Reference Data Overview
A reference data object identifies a set of data values that you can select when you configure transformations for data quality operations. You can create reference data objects in the Developer tool and the Analyst tool. You can also import reference data objects to the Model repository and to the file system. You can use the Data Quality Content installer to import reference data objects and to install reference data to the file system.
You can create and edit the following types of reference data:
- Reference tables
A reference table contains the standard version and alternative versions of a set of data values. You add a reference table to a transformation in the Developer tool to verify that source data values are accurate and correctly formatted.

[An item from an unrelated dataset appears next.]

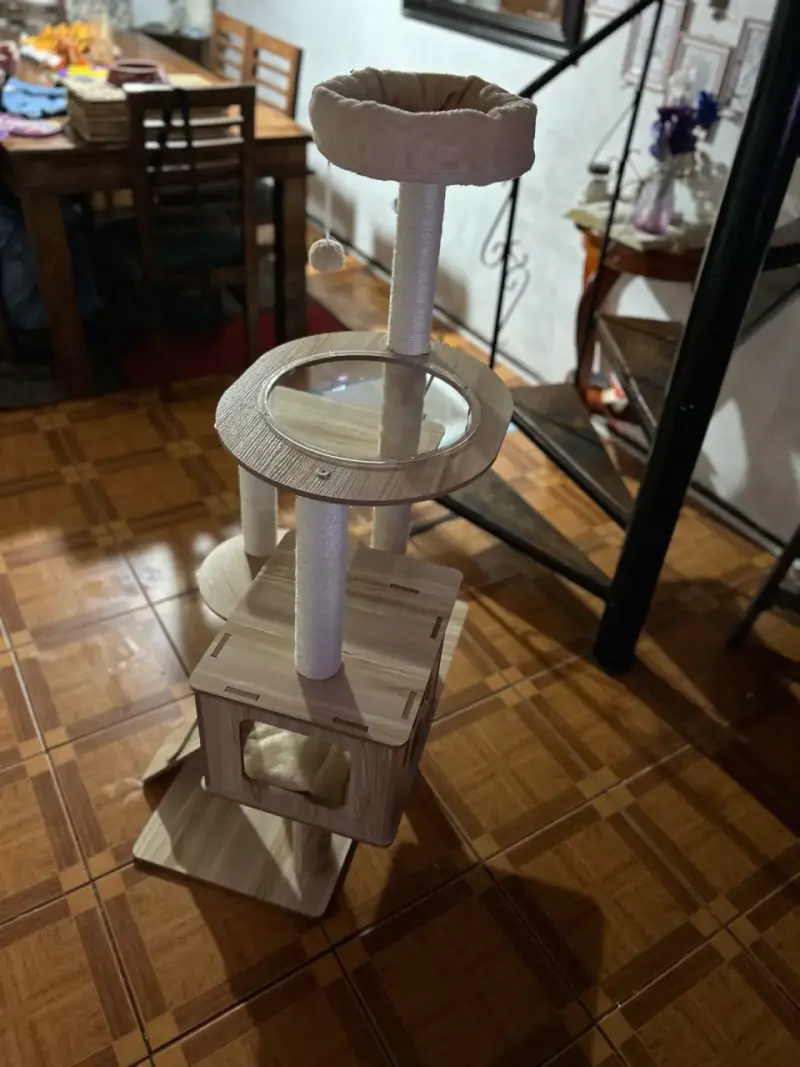Árbol rascador para gatos con plataformas - 2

A database table contains at least two columns. One column contains the standard or preferred version of a string, and other columns contain alternative versions. When you add a reference table to a transformation, the transformation searches the input port data for values that also appear in the table. You can create tables with any data that is useful to the data project you work on.
- Content sets
A content set is a Model repository object that specifies reference data values in the repository or in a file. When you add a content set to a transformation, the transformation searches the input data for values that match the data patterns in the content set.

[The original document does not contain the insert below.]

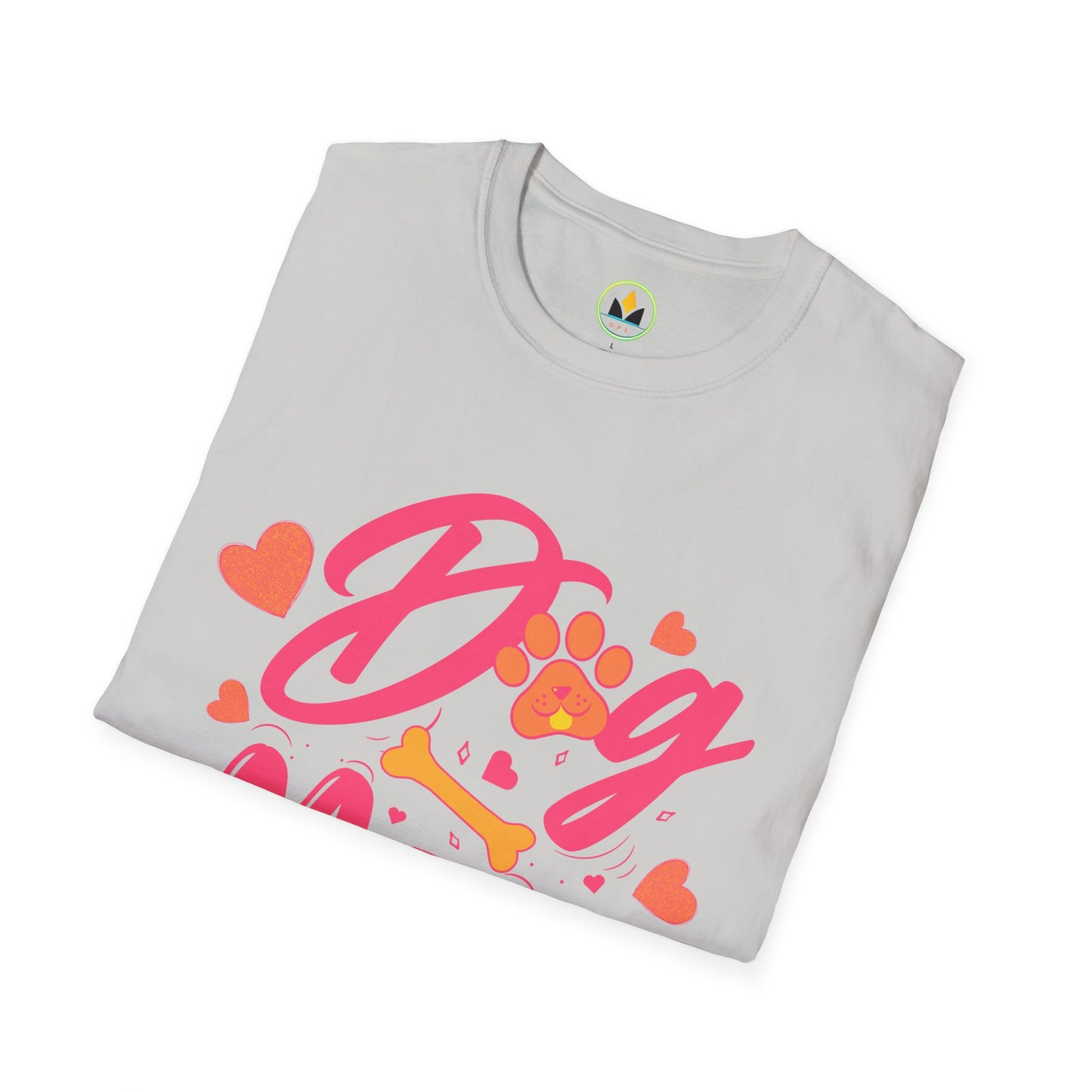 Cute Dog Mom T‑Shirt – Pink Hearts, Paw Print & Bone Graphic for Proud Pup Mamas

The Data Quality Content installer can install the following types of reference data:
- Informatica reference tables
Repository objects and data files that Informatica develops. You import Informatica reference tables when you import accelerator objects to the Model repository. The types of reference information include telephone area codes, postcode formats, first names, Social Security number formats, occupations, and acronyms. You can edit Informatica reference tables.
- Informatica content sets
Repository objects and data files that Informatica develops. You import content sets when you import accelerator objects to the Model repository. A content set contains different types of reference data that you can use to perform search operations with data quality transformations.
- Address reference data files
Reference data files that contain data for the deliverable addresses in a country. The Address Validator transformation reads the reference data. You cannot create or edit address reference data files.
Address reference data is current for a defined period and you must refresh your data regularly, for example every quarter. You cannot view or edit address reference data.
- Identity population files
Reference data files that contain information on personal, household, and corporate identities. The Match transformation and the Comparison transformation use population files to find potential identities in input data. You cannot create or edit address identity population files.